** DATASET follows **

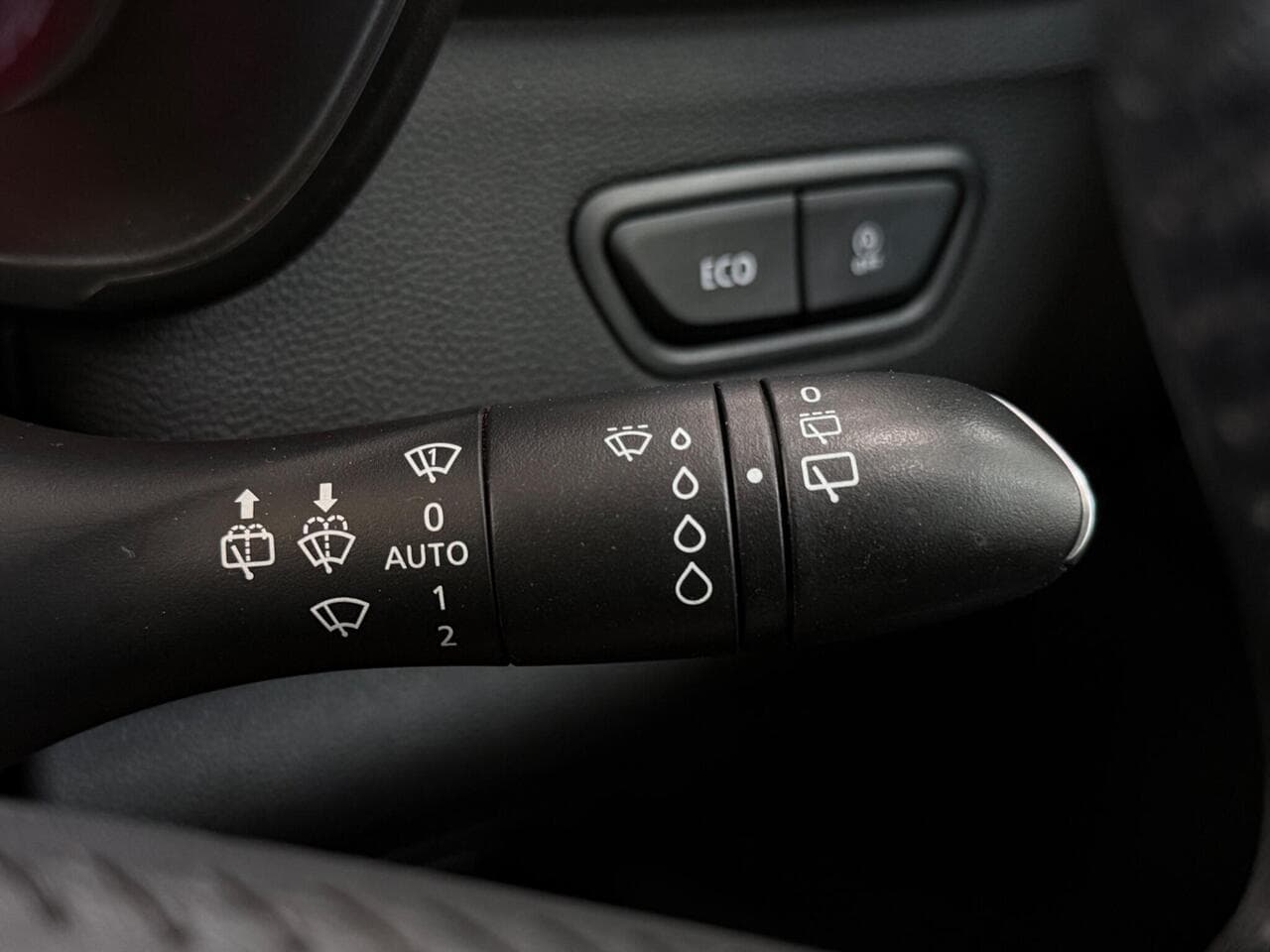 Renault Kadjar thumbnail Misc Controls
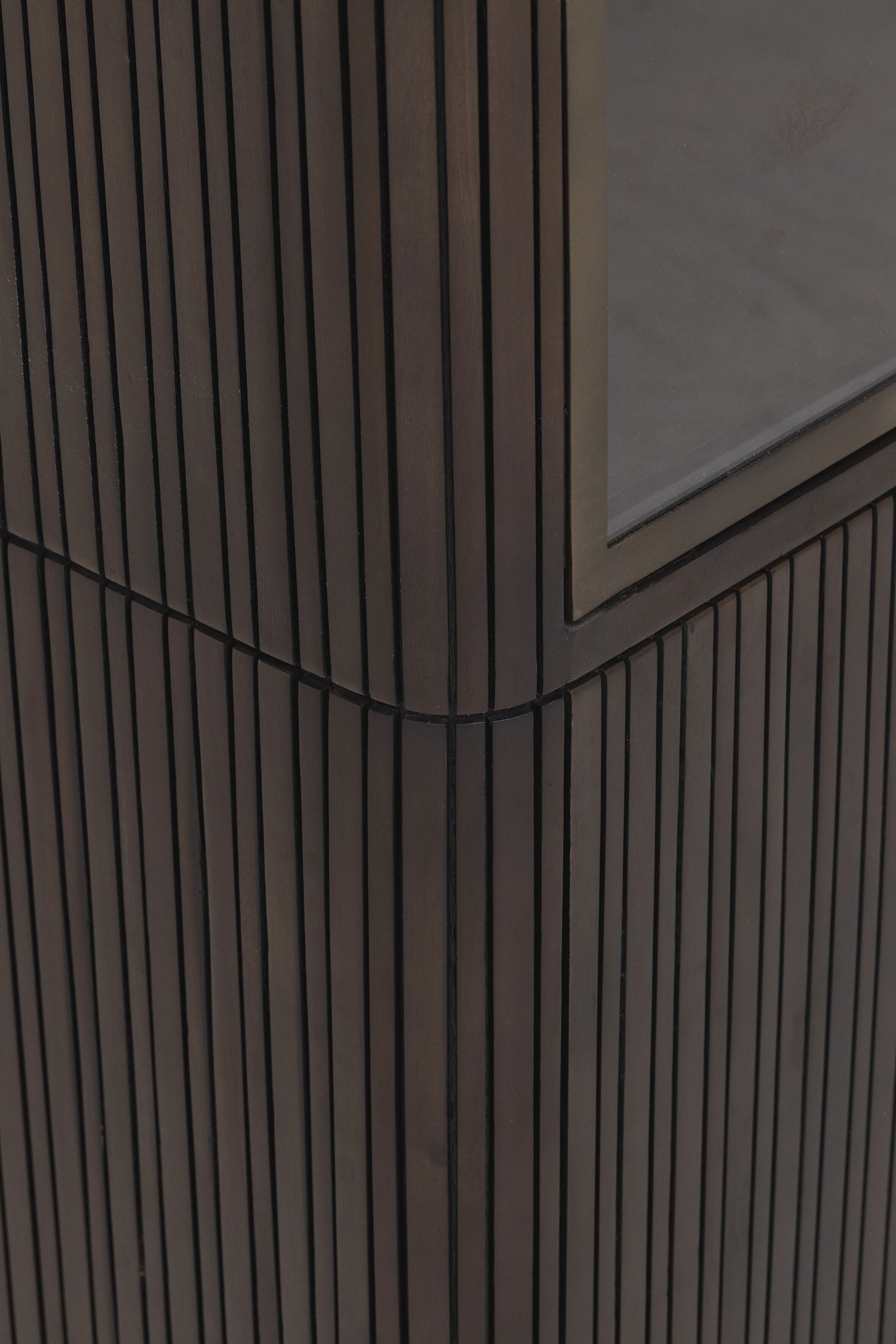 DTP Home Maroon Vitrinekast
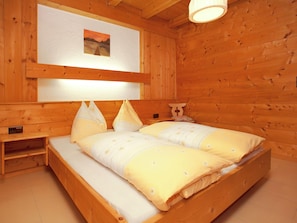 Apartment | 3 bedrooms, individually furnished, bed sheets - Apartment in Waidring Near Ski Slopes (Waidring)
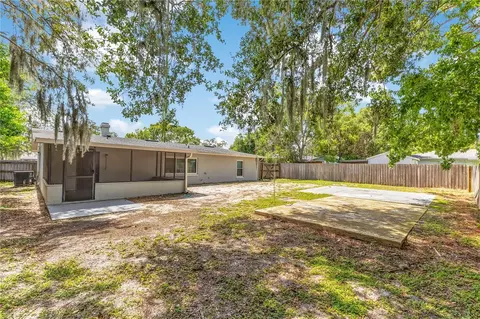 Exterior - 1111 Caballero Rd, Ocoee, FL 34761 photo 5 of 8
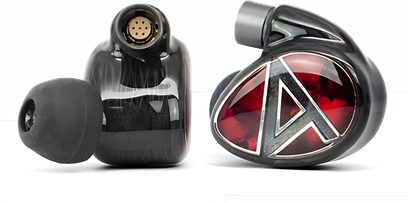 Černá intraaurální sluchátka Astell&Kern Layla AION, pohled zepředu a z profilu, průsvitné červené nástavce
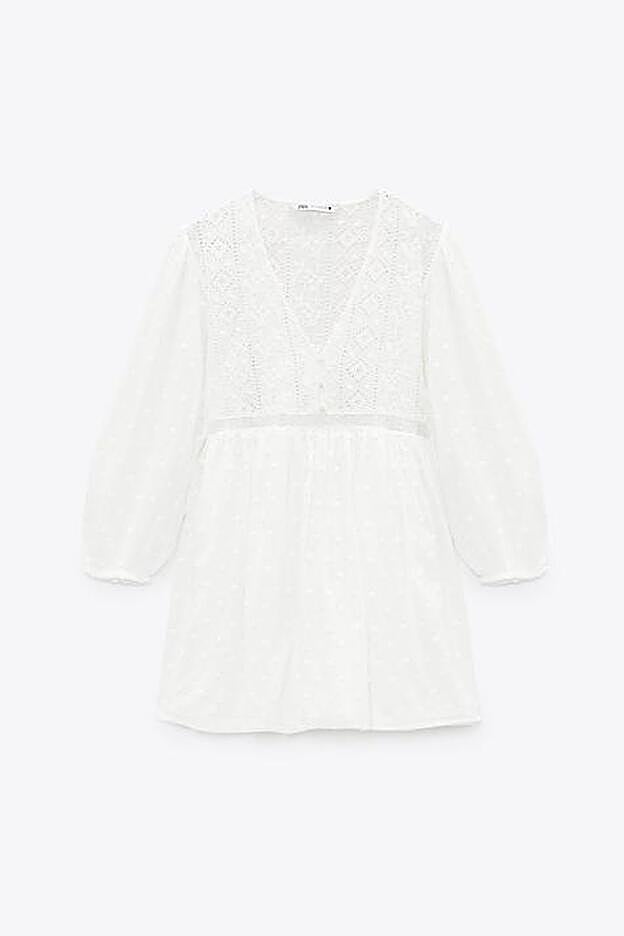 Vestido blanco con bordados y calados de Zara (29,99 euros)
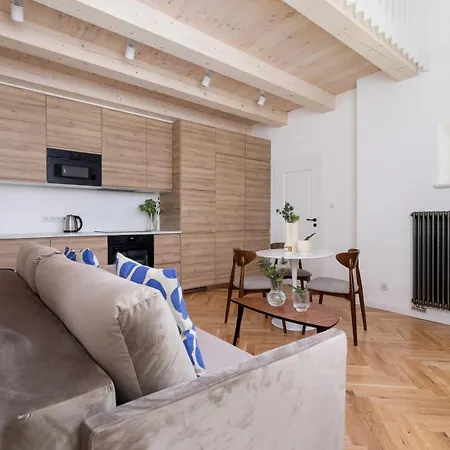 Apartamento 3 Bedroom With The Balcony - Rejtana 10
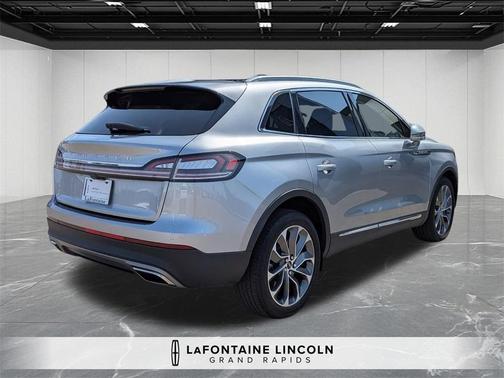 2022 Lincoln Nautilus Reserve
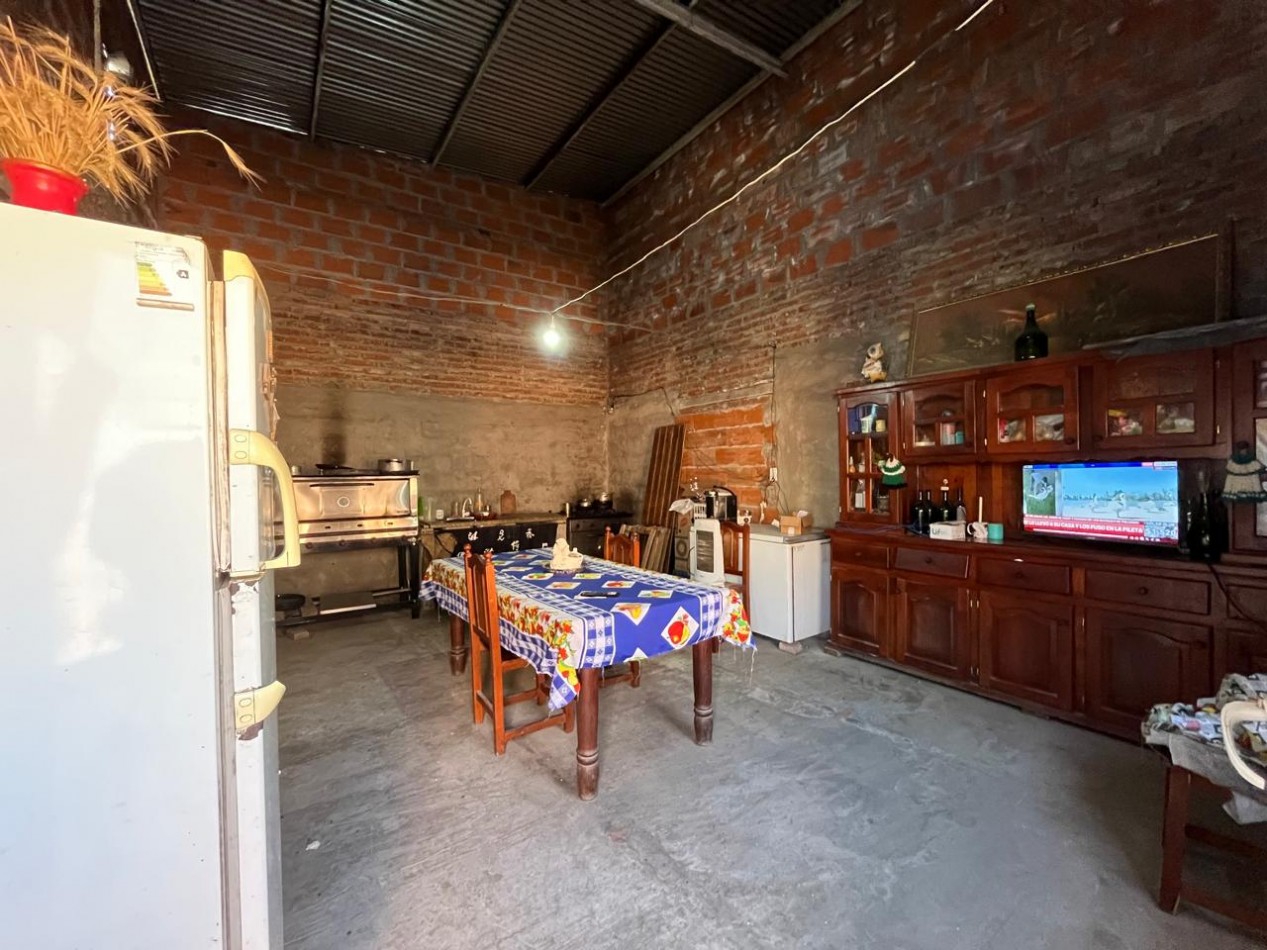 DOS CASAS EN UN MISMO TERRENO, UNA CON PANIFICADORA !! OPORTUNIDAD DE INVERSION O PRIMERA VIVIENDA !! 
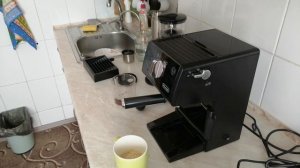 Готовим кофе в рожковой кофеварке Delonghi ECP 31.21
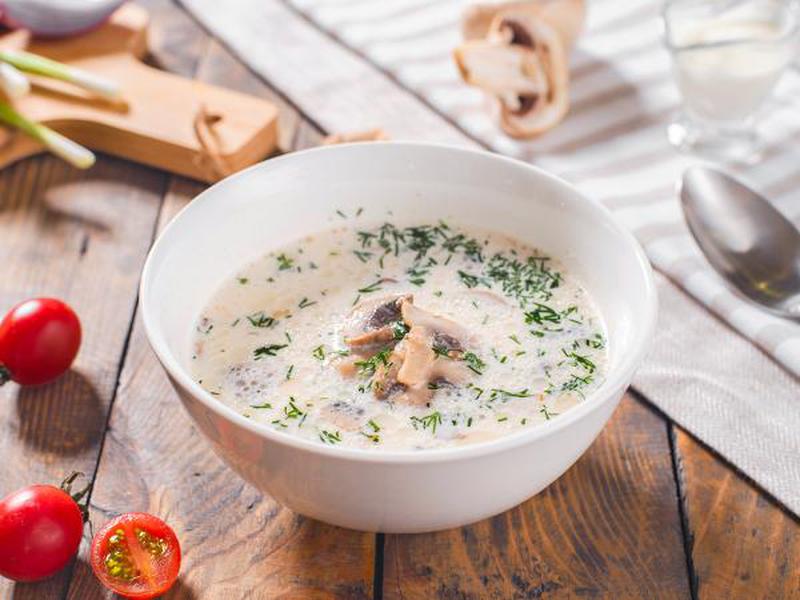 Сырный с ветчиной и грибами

** End of DATASET **

▸ TASK ITEM: A word-for-word copy of the lines from the one with "2022 Lincoln Nautilus Reserve" through the last line of the data above is required, with both end lines included and no pictures.

▸ COMPLETED TASK:
 2022 Lincoln Nautilus Reserve
 DOS CASAS EN UN MISMO TERRENO, UNA CON PANIFICADORA !! OPORTUNIDAD DE INVERSION O PRIMERA VIVIENDA !! 
 Готовим кофе в рожковой кофеварке Delonghi ECP 31.21
 Сырный с ветчиной и грибами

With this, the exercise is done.